Items from a dataset:
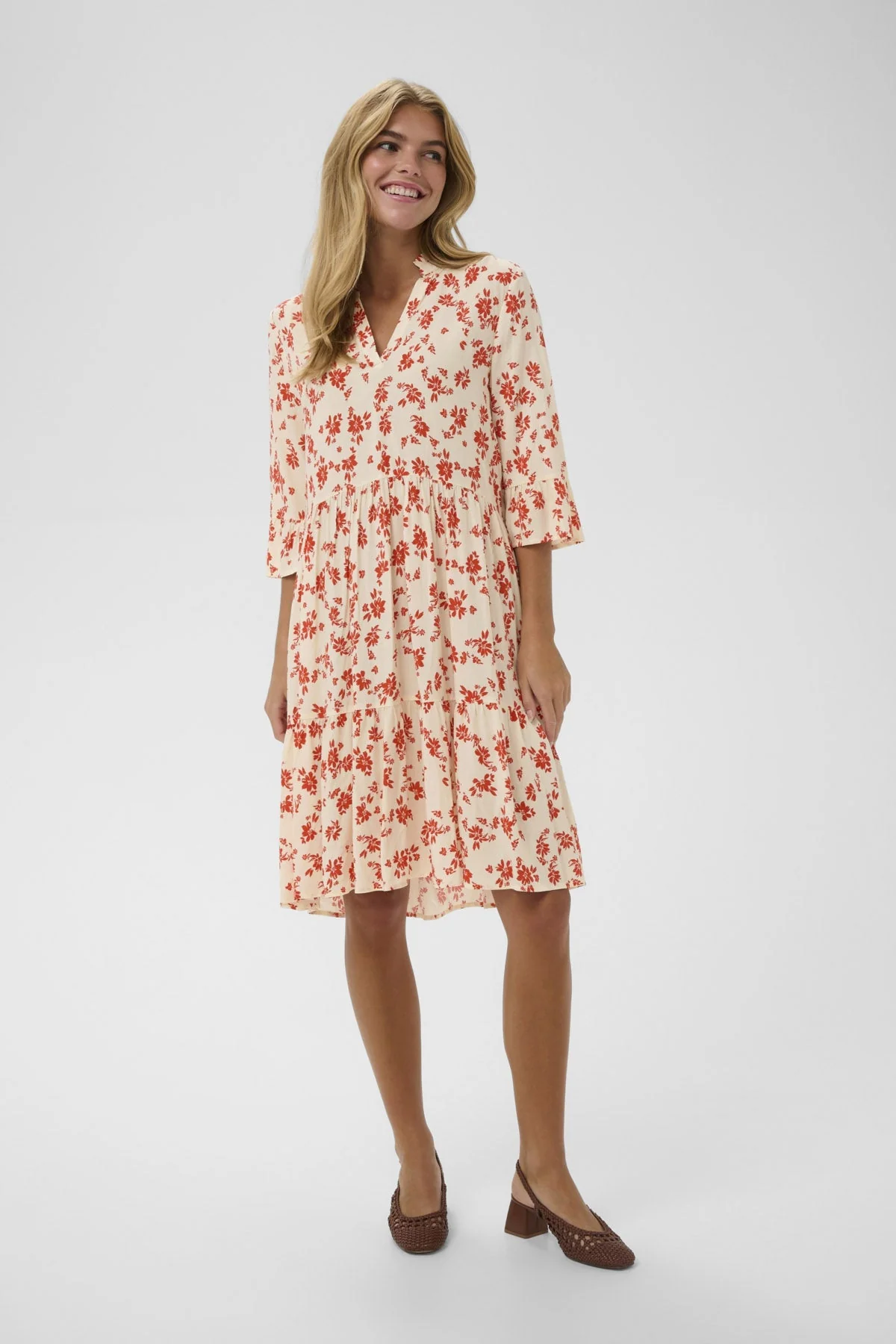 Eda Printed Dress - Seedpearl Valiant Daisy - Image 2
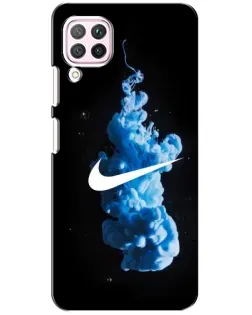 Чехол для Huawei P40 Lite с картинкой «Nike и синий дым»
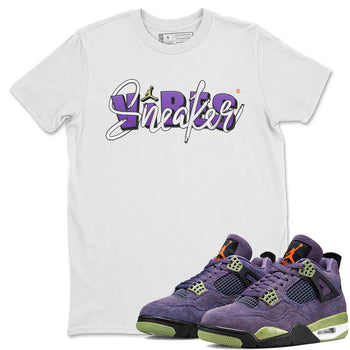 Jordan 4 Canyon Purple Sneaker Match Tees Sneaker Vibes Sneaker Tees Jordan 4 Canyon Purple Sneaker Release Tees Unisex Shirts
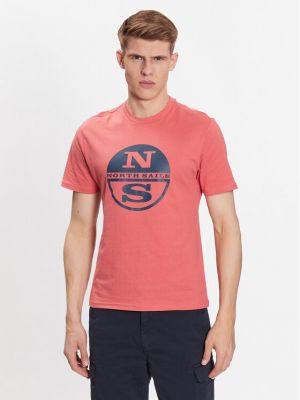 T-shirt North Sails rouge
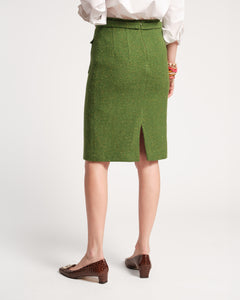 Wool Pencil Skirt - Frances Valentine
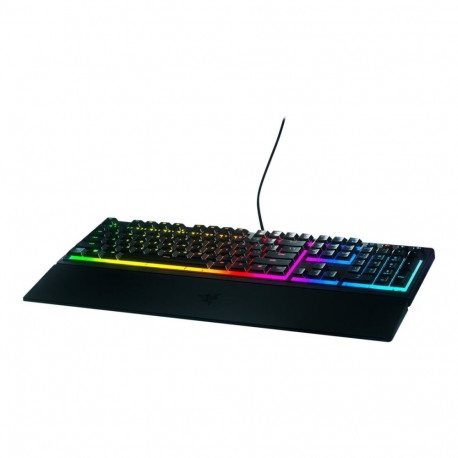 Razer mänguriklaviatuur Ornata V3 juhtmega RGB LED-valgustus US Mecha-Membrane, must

ACTIVITY. Look above for the line containing "Jordan 4 Canyon Purple Sneaker Match"; output that line and all lines after it through the last one exactly, without the pictures.

YOUR SOLUTION.
 Jordan 4 Canyon Purple Sneaker Match Tees Sneaker Vibes Sneaker Tees Jordan 4 Canyon Purple Sneaker Release Tees Unisex Shirts
 T-shirt North Sails rouge
 Wool Pencil Skirt - Frances Valentine
 Razer mänguriklaviatuur Ornata V3 juhtmega RGB LED-valgustus US Mecha-Membrane, must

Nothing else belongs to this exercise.